I would therefore proceed ahead with baab , baab and abba and thus complete

abba baab baab abba

Normally this is where it ended. gasp Slow Clap time. b is happy now guys. We did it. Look at the smile plastered on it's face. Some of you champions of the oppressed might say b isn't exactly beaming with joy but let's not get greedy and talk about justice of third order. [ abbabaabbaababba baababbaabbabaab baababbaabbabaab abbabaabbaababba ] That would be unfair on me, the attorney who took this up pro bono.

The nomenclature part came later of course. When it started, it was all about balancing it out and being fair. By fair I mean, why does *a have to be chosen first before b ? So ba gets appended to ab* and so on.

I can assure you it didn't look as bad as it sounds.
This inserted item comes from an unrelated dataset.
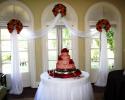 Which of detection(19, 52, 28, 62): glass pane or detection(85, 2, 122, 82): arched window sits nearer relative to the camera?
detection(19, 52, 28, 62): glass pane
I had perfected this game to an extant that If you had ever seen me doing it, you'd have assumed that I was just tapping my fingers to some rhythm and never would've guessed that I was going OCD there. ( unless of course one of a or b was 'picking my nose' or 'licking my lips' )

OCDCDODOC

Anyway, this wasn't something that consumed me or interfered with my everyday life, like how it plays out for people with debilitating OCD. And over the course of time, it skipped my mind completely as I developed new avocations like

Summing the digits on number plates to test divisibility by 9
Rearranging sentences based on syllable and character counts.
Replacing soft consonants ( Saralas ) with hard consonants (Parushas) and vice versa. Kattappa --- Gaddabba
Piecewise semantic conjugation of phrases and sentences. He is interesting --- She was boring
Forcefully fitting a phrase/word into 5 syllables so that I can count it off my fingers. He yers my Hoo li badge -- Heers my Hoo li badge

I remembered the abba game again during my brief stint at Chennai Mathematical Institute and explored the possibility of the set of these sequences being a group under piece wise addition. Googling abbabaabbaababba to find if someone has worked on this before led me to this sequence, something that was discovered over one fifty years back and the astounding fact that this sequence has a history of being discovered over and over again by many people, including a chess grandmaster!

The Thue–Morse sequence was first studied by Eugène Prouhet in 1851, who applied it to number theory. However, Prouhet did not mention the sequence explicitly; this was left to Axel Thue in 1906, who used it to found the study of combinatorics on words. The sequence was only brought to worldwide attention with the work of Marston Morse in 1921, when he applied it to differential geometry. The sequence has been discovered independently many times, not always by professional research mathematicians; for example, Max Euwe, a chess grandmaster, who held the world championship title from 1935 to 1937, and mathematics teacher, discovered it in 1929 in an application to chess: by using its cube-free property (see above), he showed how to circumvent a rule aimed at preventing infinitely protracted games by declaring repetition of moves a draw.

I know! It made me feel kinda special. It felt as if the forces of evolution chose me to ~~kill John Lennon~~ unravel deep structures in the universe or something to that effect. Thanks to the internet however, I understood there are a good number of people who seem to have experienced this sequence playing in their heads during their childhoods. It's almost as if some people are hardwired to discover this pattern. I'm tempted to attribute it to some kind of OCD gene/mutation whatever but my lack of expertise on that subject prevents me from doing so. Whatever be the case, it is incredibly fascinating to see it manifest like this.

Equitable Distributions

This sequence, called Thue - Morse sequence or should I say Thue - Morse Morse - Thue sequence has many interesting properties.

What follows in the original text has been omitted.